*** INFORMATION PROVIDED Section Begins ***

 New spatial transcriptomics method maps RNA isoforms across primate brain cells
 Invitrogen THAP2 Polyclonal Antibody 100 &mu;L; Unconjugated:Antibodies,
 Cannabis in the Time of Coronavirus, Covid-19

*** INFORMATION PROVIDED Section Ends ***

The answer must be the complete listing, repeated exactly.

 New spatial transcriptomics method maps RNA isoforms across primate brain cells
 Invitrogen THAP2 Polyclonal Antibody 100 &mu;L; Unconjugated:Antibodies,
 Cannabis in the Time of Coronavirus, Covid-19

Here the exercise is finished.